Moreover, primary publishers and aggregators now both offer direct delivery or e-journal gateways for libraries and information centers. Services such as EBSCO Online, OCLC's WebExpress, and SwetsnetNavigator attempt to serve as electronic journal portals for information centers or libraries. Other companies, such as the Gale Group and ingenta, have initiated partnerships that offer similar e-journal gateway services. These types of services, however, may not always accurately reflect a specific institution's holdings. For example, linking agreements and pricing structures determine which e-journals from different publishers are available and viewable through these subscription gateways.

With the ever-increasing amount of full text available in different formats and from different providers (e.g., publishers or aggregators, who can be one and the same), information professionals need a way to evaluate and navigate the technical and organizational obstacles associated with reference linking for scholarly electronic materials.

Linking Models: Internal, External, Or Hybrid?
First, one must understand the type of link provided. Links can be internal, contained within one service, or external, connecting documents or records provided by two or more services⁴. Internal linking occurs in aggregator services such as EBSCOhost's Academic Search Elite or Academic Search Premier, OCLC FirstSearch, Gale Group's InfoTrac, or ProQuest's Research Library. Primary publishers also employ internal linking in their own direct subscription services. For instance, reference links are available among journals published by Elsevier's ScienceDirect.

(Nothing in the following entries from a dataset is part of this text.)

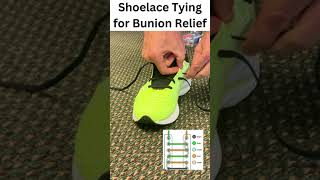 Shoelace Tying for Bunion Relief [upl. by Wahs812]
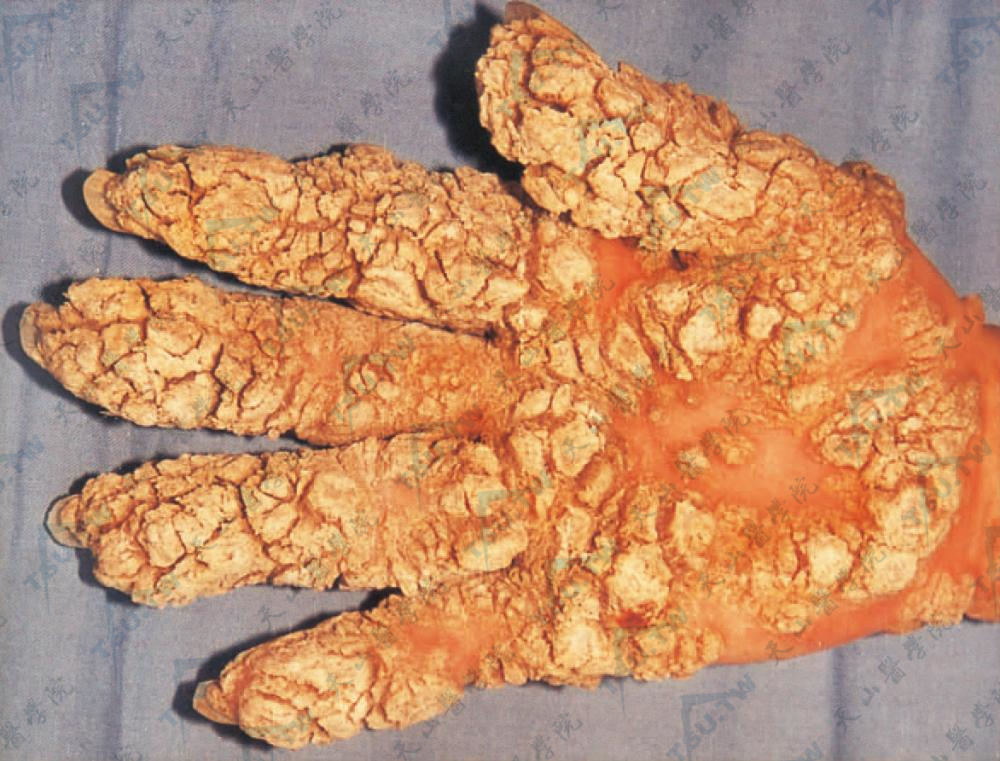 疣状表皮发育不良少见特殊型，除见典型皮疹外，手掌呈大片角质增殖，疣状皮损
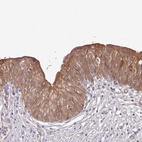 Immunohistochemical staining of human urinary bladder shows moderate membranous positivity in urothelial cells.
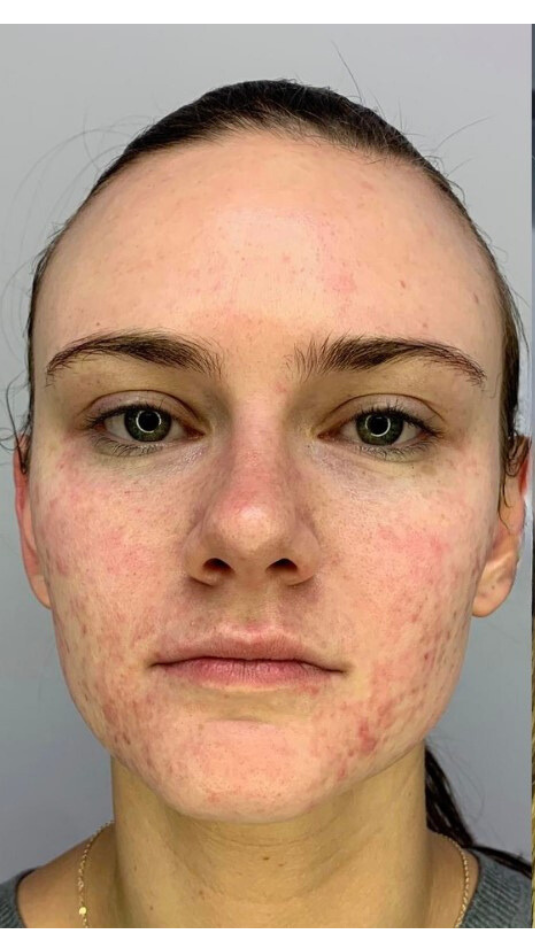 A person facing forward showing visible redness, texture, and acne-like breakouts across their cheeks and chin.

A prime example of the external linking model is linkages among secondary and primary publishers or links among abstracting and indexing services, primary publishers, and aggregators. Articles are housed on a different server than the bibliographic records. An A&I service functions as a navigational tool that then points users to the full text, via services such as SilverPlatter or Cambridge Scientific Abstracts (CSA). For example, CSA offers links from search results in its Internet Database Service (IDS) bibliographic databases to full-text documents offered by Project MUSE from Johns Hopkins University Press, PsycARTICLES from the American Psychological Association, and Ingenta. The IDS service includes more than 50 databases.

Lines of demarcation between internal and external linking continue to blur, however. Use of both internal and external linking, or hybrid reference linking, has become more and more common, as evidenced by the emergence of the CrossRef initiative, a joint effort of major primary publishers under the auspices of the Publishers International Linking Association (PILA). As Caplan noted, it is highly unlikely that any Elsevier-published journal article only references other Elsevier-published articles. To provide the service that readers and librarians want, primary publishers must link within their own services and out to other services. Aggregators and A&I services, too, have begun linking in and out of their own services, which often means crafting new linking agreements with primary publishers. While hybrid linking is becoming the norm, it does make for a most complicated practice.

Hybrid Linking in Action
In studying the hybrid linking model, it must be determined just where the link takes the user. Is the link internal to a service or external? Does a link take the user to the article or journal level or simply to the front page of a publisher's site? CrossRef [http://www.crossref.org], the international publisher initiative launched in 2000, allows for a dissection of the hybrid linking phenomenon among the primary publishers.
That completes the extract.